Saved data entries
_ _ _
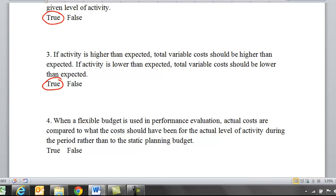Four: when a flexible budget is used in performance evaluation, actual costs are compared to what the cost should have been for the actual level of activity during the period, rather than to the static planning budget. And that is true.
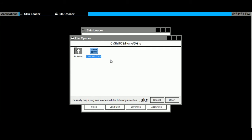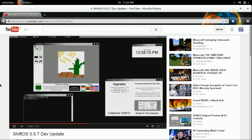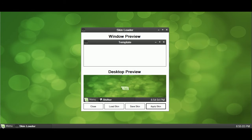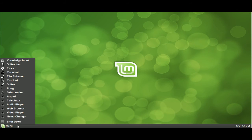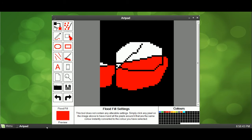ShiftOS 0.0.7 has finally been released. You can check out the release video by DevX on the ShiftOS channel. It officially introduces the skinning system with graphic picker, artpad, and skin loader. It also introduces a minimize button and unity mode.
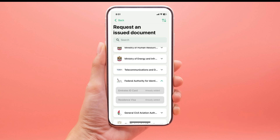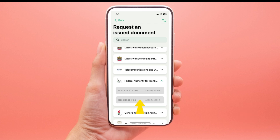Step 6: Select residence visa. Under the Federal Authority for Identity and Citizenship, select 'Residence Visa.' If you have already requested it before, it might show as already added. Proceed with the submission process.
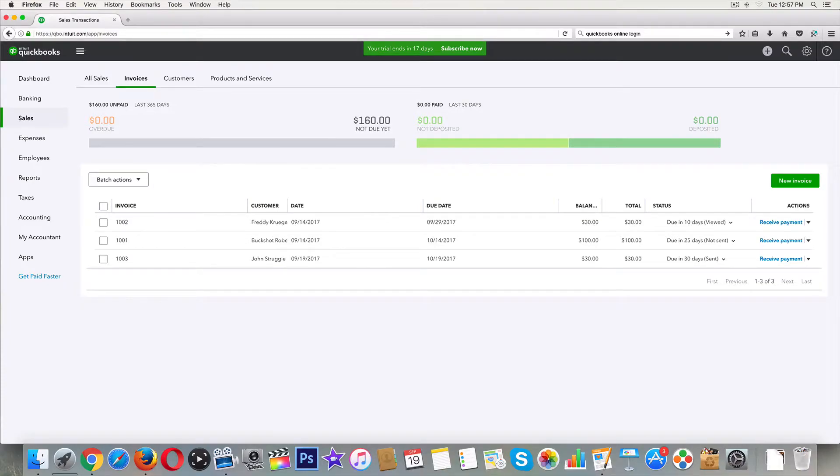All right guys, welcome back. So in this video, we're gonna learn how to collect credit card payments as well as direct bank transfer, which is free.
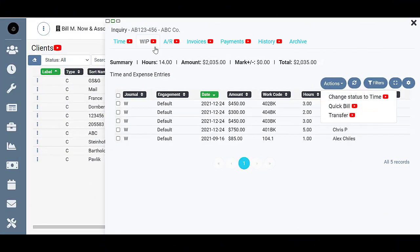We're here on the WIP tab and you can see under the journal column these are all in WIP status because of the W's here. WIP means work in progress, which means these are all ready to be billed.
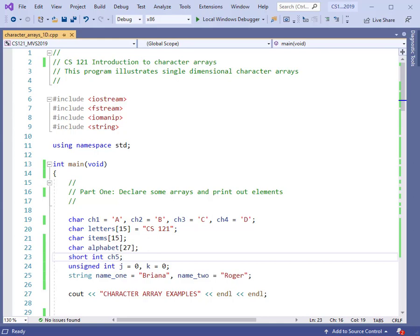We've been looking at several different kinds of one-dimensional arrays so far in this video series, but there's one particular type of one-dimensional array that we need to pay special care to, and that's the character array. Character arrays have their own kind of unusual behavior sometimes, and they can really cause you a lot of frustration if you don't know what's really going on with them. We're going to take a detailed look at what character arrays are, how they behave, and how you can avoid some of the issues that may crop up in your programming.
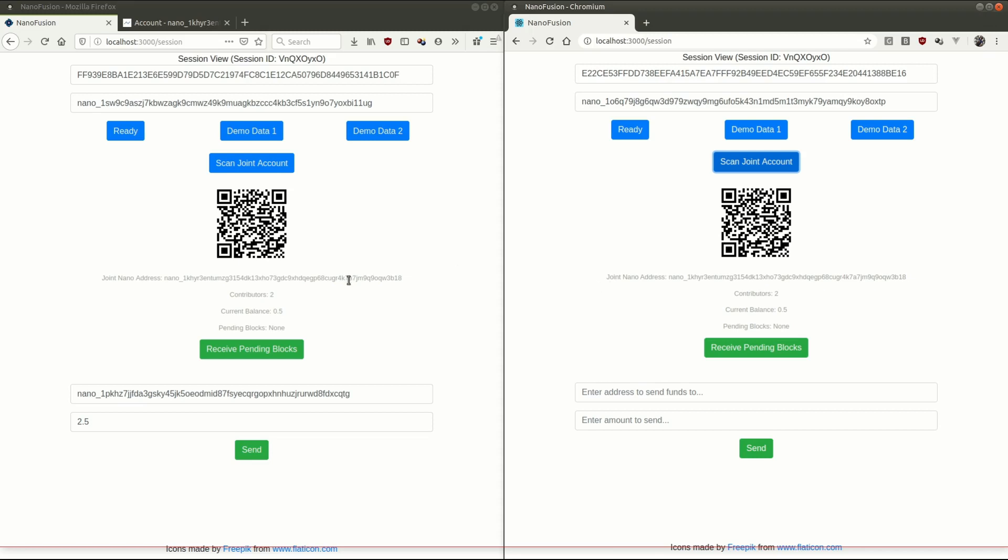Now to show you how this joint account system can be used to give us really good privacy features on nano, we're going to go to the whiteboard.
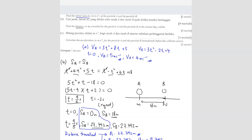Question C: Calculate the acceleration for particle A and particle B immediately before the collision occurs. Acceleration is found by differentiating the velocity formula. So acceleration for particle A is 6T plus 8, and acceleration for particle B is 6T minus 2.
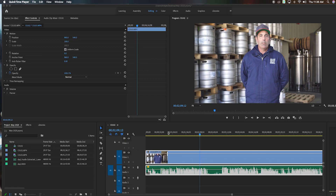Tip number four is if you don't have total control of your environment — which often happens, maybe you can't turn off an AC unit — you can do things in post to help bring down that noise floor. Obviously if things did not go well on your recording and you need to bring down the noise floor in post, you can do something like that. Here's an example right here.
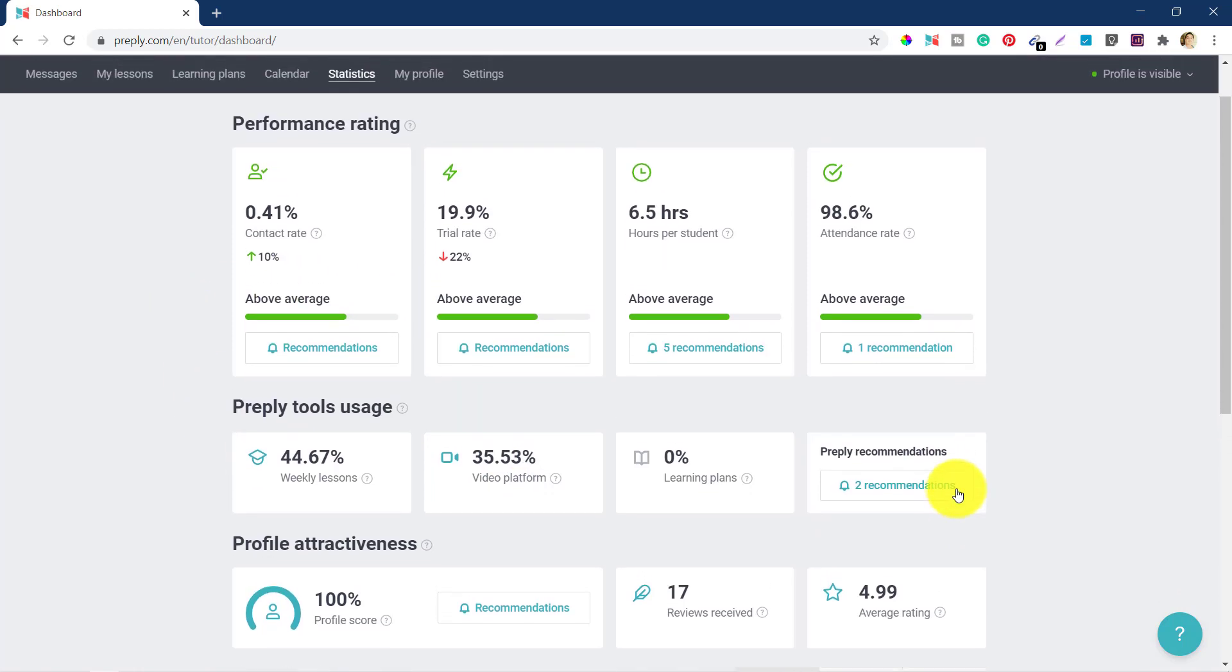Now after completing each lesson, the student needs to confirm the lesson on Preply. If you have taken the lesson on the Preply space, then the lesson should be automatically confirmed. Otherwise if you have taken the lesson outside like on Skype or on Google Meet or on Zoom, then you need to ask the student to come back to their Preply account and confirm the lesson manually.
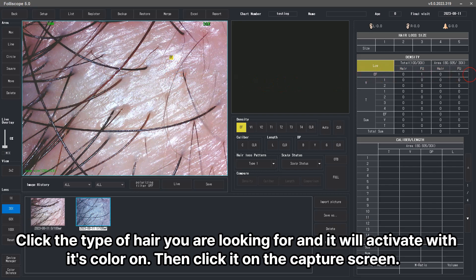Click the type of hair you are looking for and it will activate with its color on. Then click it on the capture screen.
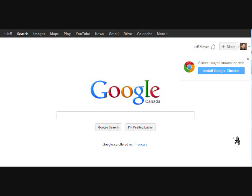Hi there, this is Jeff Moyer from the Calgary Web Design Network. I'm going to show you quickly today how to add a Google signature to your Gmail account.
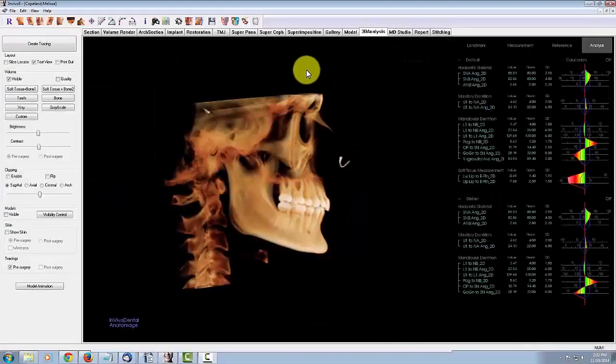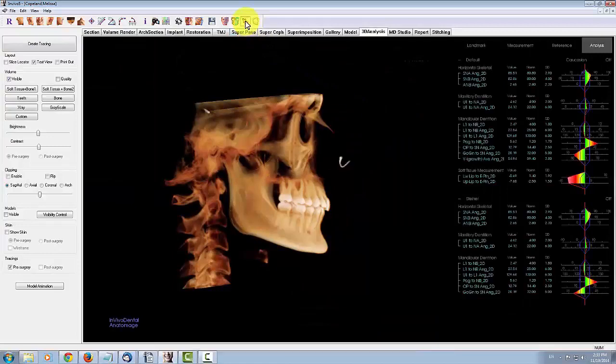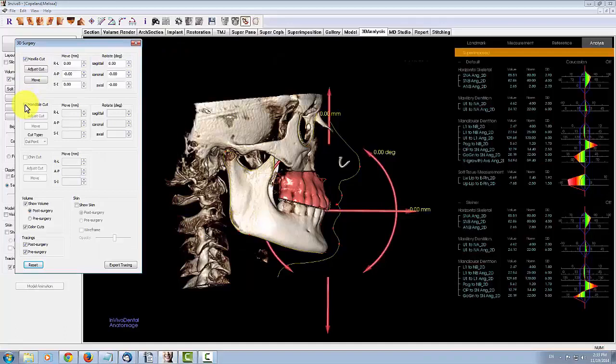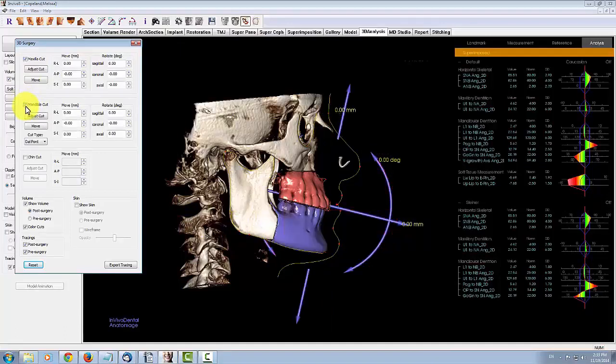Once you have traced the patient scan and placed the appropriate landmarks, you'll be able to use the software's automatically generated maxillum, mandible, and chin cuts. By checking the box next to the cut label, we can view these predefined cuts.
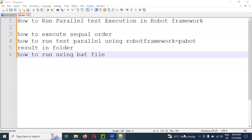Hi friends, welcome to CS Technology. Today's topic is how to run parallel test execution in Robot Framework. We will check the parallel execution, check the report folder, generate the report folder, and present it.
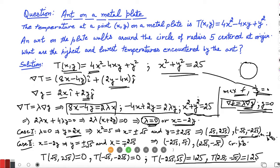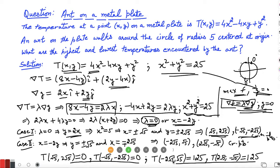These two points give the maximum temperature of 125 and these two give the minimum temperature of 0 degrees. So on the circle centered at origin, the points (√5, 2√5) and (-√5, -2√5) have zero degree temperature, while the points (-2√5, √5) and (2√5, -√5) have 125 degree temperature — the highest and lowest temperatures the ant will encounter while moving along the circle.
_ _ _
● **Brief**
Repeat exactly the lines from the first line of the records above through the line containing "We're here on", leaving out the pictures.

● **Response below**
Four: when a flexible budget is used in performance evaluation, actual costs are compared to what the cost should have been for the actual level of activity during the period, rather than to the static planning budget. And that is true.
ShiftOS 0.0.7 has finally been released. You can check out the release video by DevX on the ShiftOS channel. It officially introduces the skinning system with graphic picker, artpad, and skin loader. It also introduces a minimize button and unity mode.
Step 6: Select residence visa. Under the Federal Authority for Identity and Citizenship, select 'Residence Visa.' If you have already requested it before, it might show as already added. Proceed with the submission process.
All right guys, welcome back. So in this video, we're gonna learn how to collect credit card payments as well as direct bank transfer, which is free.
We're here on the WIP tab and you can see under the journal column these are all in WIP status because of the W's here. WIP means work in progress, which means these are all ready to be billed.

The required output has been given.